Record 141 prison sentences increased after people complained they were too lenient


The number of criminals whose sentences were increased after complaints they were too lenient has hit a record high.  In 2016 the Attorney General’s Office said 141 terms were added to in England and Wales under the Unduly Lenient Sentence scheme, up by 39 from 2015.  A rapist, an attempted murderer, 14 sex offenders and an arsonist were among the criminals whose sentences were bumped up.  Several of these were increased from community service orders to immediate custodial sentences.

Attorney General Jeremy Wright QC said: ‘The Unduly Lenient Sentence scheme allows victims of crime, their families and the public to challenge sentences that they believe are too low, and last year we saw a record number of sentences increased.

‘A sentencing exercise is not an exact science and in the vast majority of cases, judges get it right.  The scheme is available to ensure that the Solicitor General and I can independently review those cases where there may have been an error in the sentencing decision.’

There were 837 requests for a review, a 17% rise on the previous year, but this represented a small proportion of the 80,000 Crown Court cases heard each year.  2017 has been a turbulent year for the prison system with reports of overcrowding, riots, low officer morale and rising violence in jails.  An additional 19 terror-related offences will be added to the list of sentences that can be increased if found to be unduly lenient from August 8.

Some of the cases where sentences have been increased

Mother Chloe Thomas was jailed for child cruelty after her drug-user boyfriend murdered her toddler son. Her term of 20 months was increased to 30 months. Her partner Sean Buckley, who smashed a garden chair against the head of the defenceless toddler, was originally jailed for life with a minimum term of 17 years at Cardiff Crown Court after being convicted of murder but this was increased to 20 years.

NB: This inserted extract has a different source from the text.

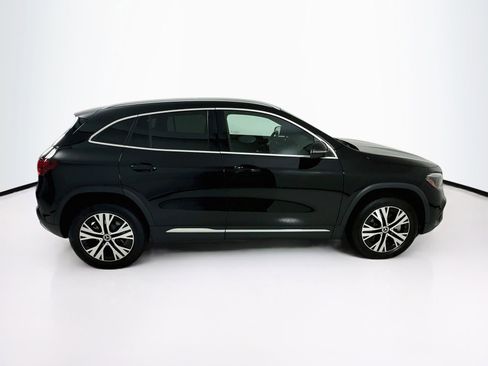 Certified 2025 Mercedes-Benz GLA 250 image 9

A profoundly deaf woman who sexually abused a boy was originally given a suspended sentence but was subsequently ordered to be imprisoned. Julie Fellows was given a two-year suspended sentence at Worcester Crown Court in August after Judge Robert Juckes said jail would be wholly inappropriate and lead to complete isolation for her. Her sentence was increased to five years and she was ordered to attend a police station to be sent to prison.

A police officer who sparked a nationwide terror alert by making a hoax 999 call to his own force has seen his jail term increased by two years. PC Amar Tasaddiq Hussain was given a seven-year sentence at Stafford Crown Court in May but was later ordered to serve nine years. Hussain, then serving with West Midlands Police, sent his force into ‘overdrive’ in 2014 by phoning through an anonymous warning that a terrorist with links to Syria was planning to kidnap a Muslim policeman.

Sixteen men involved in a major gun crime conspiracy in Birmingham had their terms lengthened. The group, who all pleaded guilty or were convicted of conspiracy to transfer prohibited weapons and ammunition, were key players in the enterprise or those who bought weapons and assisted. The sentence passed on the gang leader, Nosakhere Stephenson, was increased from 16-and-a-half years to 22 years and on chief armourer Sundish Nazran from 13 years to 17 years and three months.

Sarah Sands was jailed for three-and-a-half years for fatally stabbing a convicted paedophile, but this was upped to seven-and-a-half years. Sands carried out the killing within weeks of hearing that her 77-year-old neighbour, Michael Pleasted, had been released on bail ahead of his trial over accusations that he had sexually assaulted young boys. She was cleared at the Old Bailey of murder but convicted of manslaughter by reason of loss of control.